Implementation strategies
Khera advised that organisations adopt a staged approach when deploying AI and digital twins, beginning with high-return-on-investment projects. "Successfully implementing AI and digital twins in CGT typically requires a staged approach, starting with high-ROI use cases. Everything begins with data quality - ensuring sensors and collection systems deliver accurate measurements. This often requires equipment upgrades and calibration protocols," she said.

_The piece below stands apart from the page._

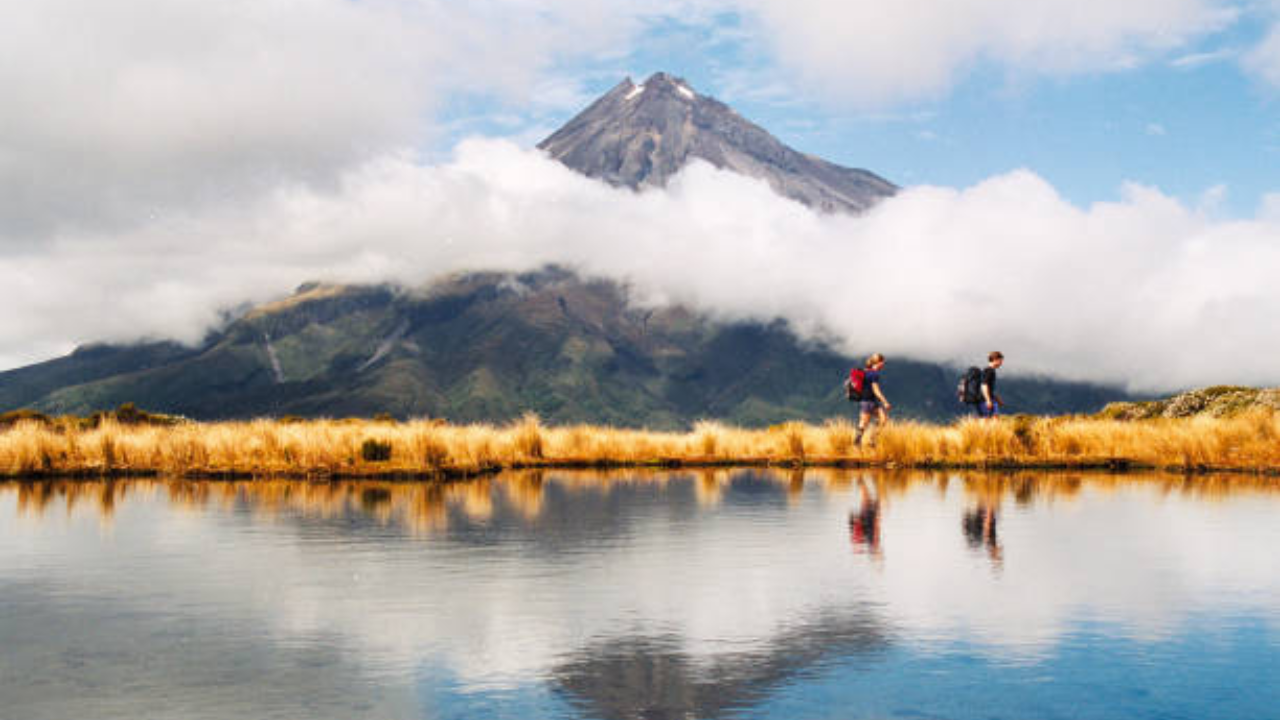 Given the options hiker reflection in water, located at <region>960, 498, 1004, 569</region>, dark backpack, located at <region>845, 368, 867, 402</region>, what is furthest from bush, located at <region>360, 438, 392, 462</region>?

Teams with expertise across engineering, quality control, and data science are important for turning data into effective decision-making tools. "Cross-functional teams comprised of engineers, quality specialists and data scientists are crucial for creating actionable insights. Shrewd organisations start with historical batch analysis before attempting real-time monitoring, building confidence as they go," Khera added.
This allows companies to build up confidence and value as implementation progresses to more advanced uses of AI.
From production to patient
Improving manufacturing processes is seen as essential for increasing patient access to advanced therapies and for meeting regulatory expectations. Khera stated: "As cell and gene therapies break into mainstream medicine, making manufacturing more efficient becomes key to getting these treatments to more patients at prices they can afford. AI and predictive analytics align with the FDA's Quality by Design approach, which involves building quality into the process from the outset instead of simply testing at the end. With AI providing unprecedented insight into manufacturing, companies can show regulators exactly how they maintain control."
Machine learning and automation are anticipated to help standardise and improve medicine manufacturing over time. "As systems get smarter, we're seeing manufacturing that learns and improves on its own. These intelligent systems don't just maintain quality - they improve it, bringing science closer to advanced therapies that work dependably in both production and patients," Khera concluded.